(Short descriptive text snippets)
=-=-=-=-=
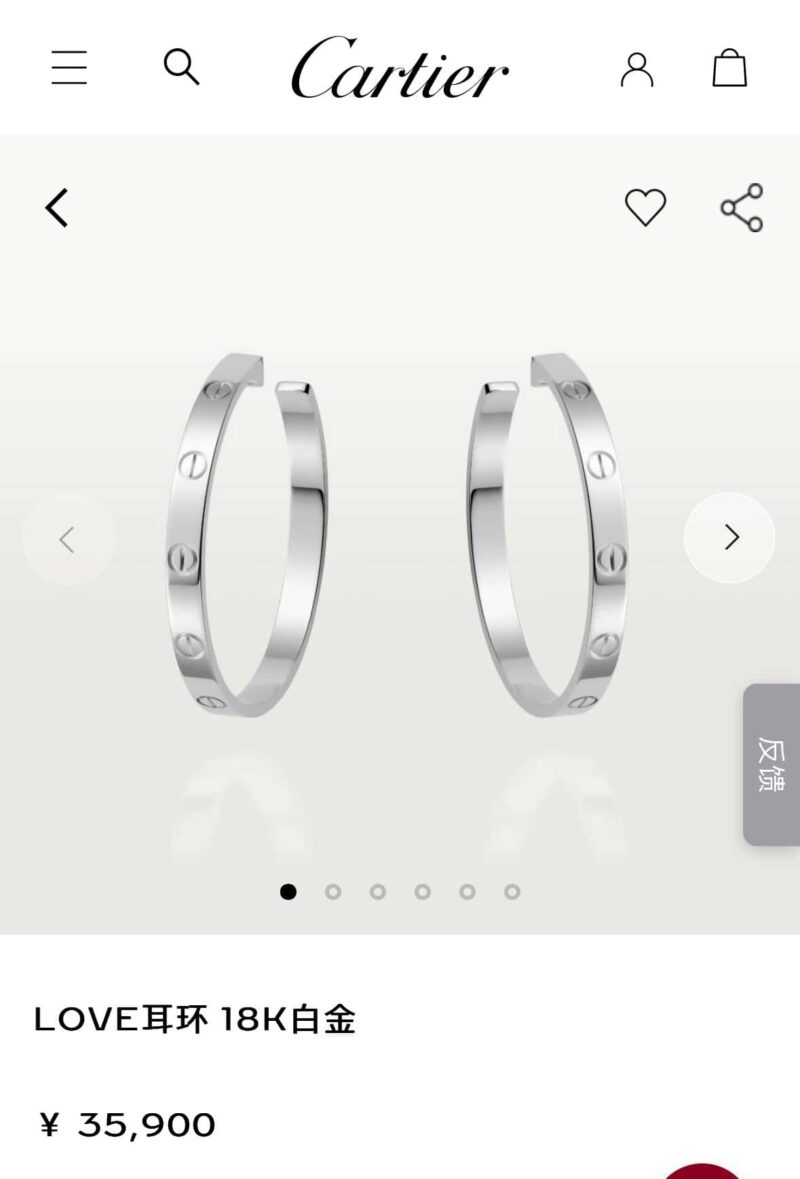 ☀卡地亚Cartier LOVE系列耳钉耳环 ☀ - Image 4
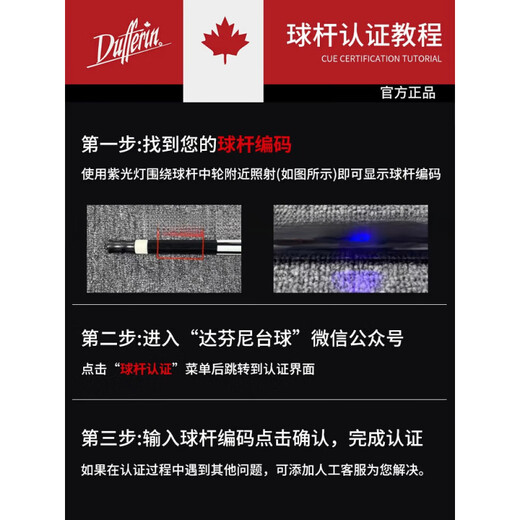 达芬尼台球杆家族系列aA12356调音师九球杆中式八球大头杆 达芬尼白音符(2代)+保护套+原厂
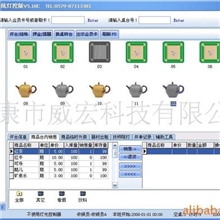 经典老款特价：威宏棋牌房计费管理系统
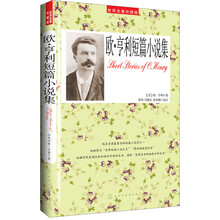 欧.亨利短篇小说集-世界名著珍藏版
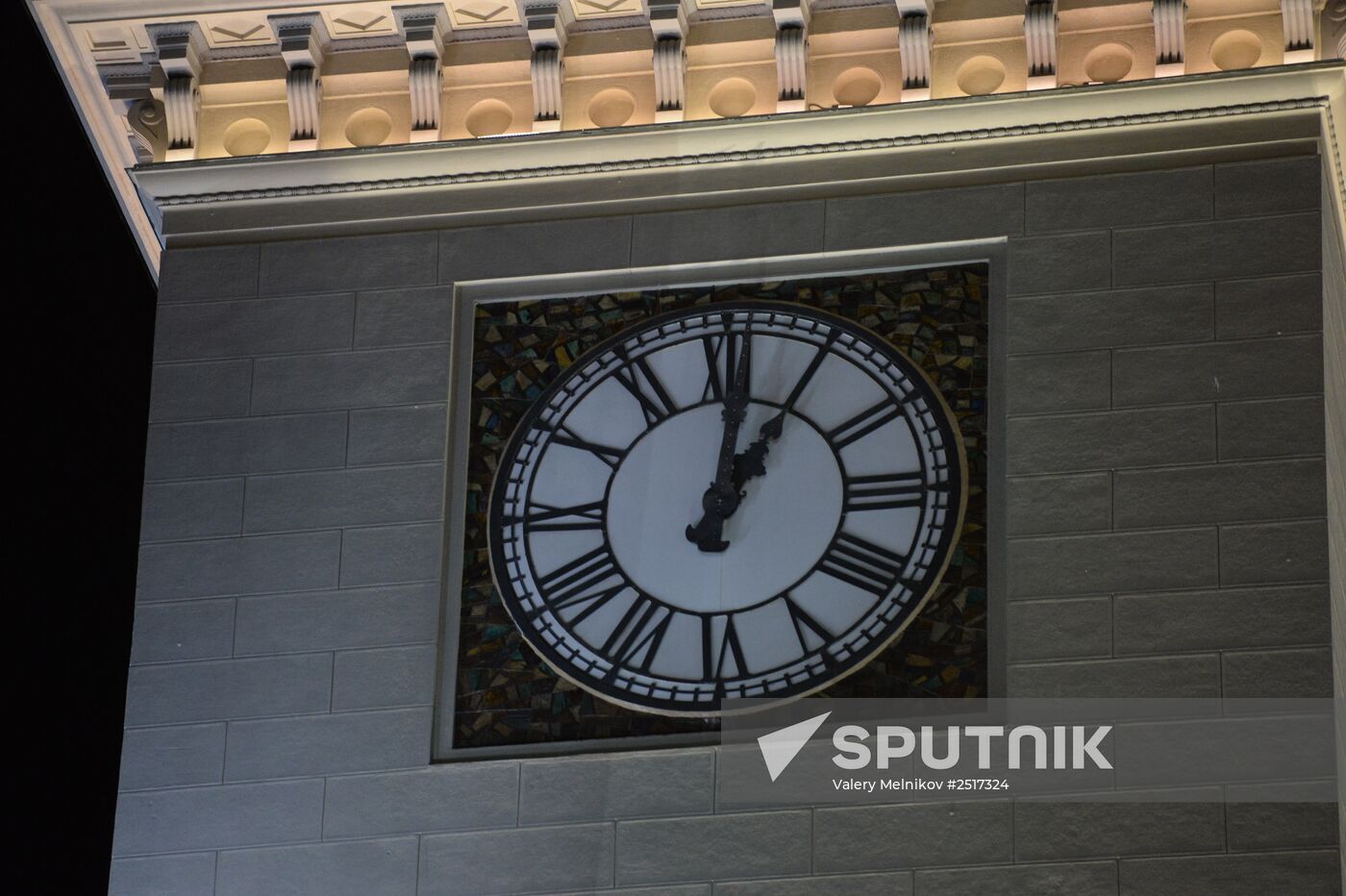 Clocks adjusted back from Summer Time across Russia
=-=-=-=-=
> **TASK DIRECTIONS**: Exactly as written, set down the lines from the line holding "经典老款特价：威宏棋牌房计费管理系统" to the last line of the data, both ends included, pictures excluded.

> **RESULT BELOW**:
 经典老款特价：威宏棋牌房计费管理系统
 欧.亨利短篇小说集-世界名著珍藏版
 Clocks adjusted back from Summer Time across Russia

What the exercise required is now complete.